Throughout the following decades, Hinman continued to reinvent his practice. He explored monochromatic white works in the 1970s, returned to color in increasingly complex spatial compositions, and developed series that drew upon his enduring fascination with geometry, flight, buoyancy, and the suspension of gravity. In his own words, he sought to create "real and illusionary space" simultaneously, allowing the two realms to interact and challenge one another. 

 

Although deeply respected by artists and curators, Hinman remained somewhat outside the dominant narratives of postwar American art. Beginning in the 1990s and accelerating in the twenty-first century, scholars increasingly reassessed his role in the history of postwar abstraction and shaped painting. Histories of the shaped canvas were revised to place him among the central figures who had expanded painting beyond the flat surface. His work was featured in exhibitions reassessing the movement and its influence on later generations, including artists such as Elizabeth Murray. Hinman's work is the focus of a chapter in the pivotal three-volume publication, The New American Abstraction, 1950-1970, by Claudine Humblet. 

 

In 2012 he received a fellowship from the John Simon Guggenheim Memorial Foundation, one of the highest honors of his career. His work is represented in the collections of the Museum of Modern Art, the Whitney Museum of American Art, the Hirshhorn Museum and Sculpture Garden, the Los Angeles County Museum of Art, the Albright-Knox Art Gallery, the Louisiana Museum of Modern Art, the Tel Aviv Museum of Art, and numerous other institutions around the world. 

 

Hinman also maintained a long career as an educator.

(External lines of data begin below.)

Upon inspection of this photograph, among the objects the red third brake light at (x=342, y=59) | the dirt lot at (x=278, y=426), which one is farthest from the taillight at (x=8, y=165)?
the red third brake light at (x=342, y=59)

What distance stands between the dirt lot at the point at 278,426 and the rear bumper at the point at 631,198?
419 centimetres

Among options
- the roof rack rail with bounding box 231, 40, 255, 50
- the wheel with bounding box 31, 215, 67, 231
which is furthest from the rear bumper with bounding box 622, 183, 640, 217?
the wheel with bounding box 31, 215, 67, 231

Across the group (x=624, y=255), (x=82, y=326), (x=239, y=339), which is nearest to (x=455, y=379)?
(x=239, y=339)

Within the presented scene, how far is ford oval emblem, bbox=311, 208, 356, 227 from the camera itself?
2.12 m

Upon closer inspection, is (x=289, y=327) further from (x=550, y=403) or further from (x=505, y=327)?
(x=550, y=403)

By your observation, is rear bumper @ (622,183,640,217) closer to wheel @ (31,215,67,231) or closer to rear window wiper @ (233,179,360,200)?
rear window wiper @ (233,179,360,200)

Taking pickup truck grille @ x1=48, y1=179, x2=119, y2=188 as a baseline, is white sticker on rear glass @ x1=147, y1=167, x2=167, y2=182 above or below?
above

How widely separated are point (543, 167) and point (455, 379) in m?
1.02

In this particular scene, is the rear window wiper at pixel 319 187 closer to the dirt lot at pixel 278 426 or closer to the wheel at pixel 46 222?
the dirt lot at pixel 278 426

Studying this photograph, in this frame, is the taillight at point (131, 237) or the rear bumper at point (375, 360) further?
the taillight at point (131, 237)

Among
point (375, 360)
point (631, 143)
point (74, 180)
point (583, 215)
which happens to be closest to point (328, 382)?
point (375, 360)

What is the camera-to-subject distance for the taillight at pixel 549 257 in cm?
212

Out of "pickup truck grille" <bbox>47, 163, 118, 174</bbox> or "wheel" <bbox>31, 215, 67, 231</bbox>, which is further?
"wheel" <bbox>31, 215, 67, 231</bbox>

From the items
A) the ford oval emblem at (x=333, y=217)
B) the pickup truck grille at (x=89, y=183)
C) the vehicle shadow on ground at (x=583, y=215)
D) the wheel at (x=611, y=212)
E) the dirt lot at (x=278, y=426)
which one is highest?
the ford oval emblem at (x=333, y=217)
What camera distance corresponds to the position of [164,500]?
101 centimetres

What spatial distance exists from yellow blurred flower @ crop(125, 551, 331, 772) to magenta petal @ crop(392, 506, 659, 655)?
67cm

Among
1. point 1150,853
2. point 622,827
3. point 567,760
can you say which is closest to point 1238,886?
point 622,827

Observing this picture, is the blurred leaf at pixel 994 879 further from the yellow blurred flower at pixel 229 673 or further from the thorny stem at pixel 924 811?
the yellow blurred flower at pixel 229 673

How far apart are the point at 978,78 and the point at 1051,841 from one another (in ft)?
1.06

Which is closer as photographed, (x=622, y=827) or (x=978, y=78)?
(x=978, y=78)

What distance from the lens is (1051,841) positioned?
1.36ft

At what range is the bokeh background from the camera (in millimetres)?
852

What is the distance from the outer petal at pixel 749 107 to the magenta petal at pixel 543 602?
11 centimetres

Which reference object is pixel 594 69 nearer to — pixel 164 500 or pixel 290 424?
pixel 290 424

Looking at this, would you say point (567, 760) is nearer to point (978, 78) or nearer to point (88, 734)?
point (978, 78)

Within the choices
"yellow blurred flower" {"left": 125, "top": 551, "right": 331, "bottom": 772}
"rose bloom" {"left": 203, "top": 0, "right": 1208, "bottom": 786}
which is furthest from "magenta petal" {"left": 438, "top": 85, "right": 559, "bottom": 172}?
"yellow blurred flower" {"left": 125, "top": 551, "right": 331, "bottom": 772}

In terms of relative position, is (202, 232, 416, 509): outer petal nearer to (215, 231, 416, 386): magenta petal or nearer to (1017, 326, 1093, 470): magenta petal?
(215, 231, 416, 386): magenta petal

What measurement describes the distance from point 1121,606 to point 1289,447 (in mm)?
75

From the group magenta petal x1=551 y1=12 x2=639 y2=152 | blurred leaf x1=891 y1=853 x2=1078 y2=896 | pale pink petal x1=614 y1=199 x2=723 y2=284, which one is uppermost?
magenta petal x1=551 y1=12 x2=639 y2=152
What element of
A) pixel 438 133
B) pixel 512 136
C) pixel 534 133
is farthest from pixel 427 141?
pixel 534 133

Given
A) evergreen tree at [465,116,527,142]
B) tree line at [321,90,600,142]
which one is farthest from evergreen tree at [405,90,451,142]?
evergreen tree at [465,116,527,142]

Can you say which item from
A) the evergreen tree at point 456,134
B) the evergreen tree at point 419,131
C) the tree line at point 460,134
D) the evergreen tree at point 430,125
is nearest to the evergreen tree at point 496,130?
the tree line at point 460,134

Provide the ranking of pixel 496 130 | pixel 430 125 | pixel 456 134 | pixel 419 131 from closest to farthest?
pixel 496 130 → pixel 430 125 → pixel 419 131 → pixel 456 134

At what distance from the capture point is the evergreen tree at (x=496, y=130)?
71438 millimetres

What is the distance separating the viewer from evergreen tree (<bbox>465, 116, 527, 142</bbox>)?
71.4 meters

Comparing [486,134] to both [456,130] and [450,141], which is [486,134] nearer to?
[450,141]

He taught at Cornell University's New York City program, Pratt Institute, the School of Visual Arts, Cooper Union, the University of Georgia, Princeton University, and the Art Students League of New York, where he continued teaching in his later years.

 

At a moment when painting was confined by the limitations of its own support, Hinman imagined a new possibility: paintings that occupied space, generated shadow, reflected color onto surrounding walls, and engaged viewers as physical presences rather than merely images. Throughout his career, Hinman explored the space between painting and sculpture, producing works that challenged traditional definitions of each medium while remaining committed to the possibilities of abstraction.

 

In the final decade of his life, Hinman was and continues to be represented by Westwood Gallery NYC, which serves as co-trustee of the Charles Hinman Artwork Trust, administrator of the Hinman archive, catalogue raisonné and steward of his artistic legacy. The gallery which organized a series of exhibitions devoted to his work, curated by James Cavello, including Charles Hinman: Shaped Paintings (2017), Chromatic Eclipse (2019), On the Bowery, Part 2: Structural Abstraction (2021), Beyond Minimalism (2023), and Paper Matters,1980s (2025). At the time of his death, Hinman's work was and currently remains on exhibit in Artists on the Bowery, Part 6: Reframing the Edge (May 28 – August 1, 2026).

 

Hinman was predeceased by his wife, Jan, and survived by children: Ted Hinman (Armené Margosian), Delphine Hinman Zohn (Lenard and grandchildren Ava and Adin), Alexandria Bireline (Jack Andersen), Marek Bireline, and Lise Bireline.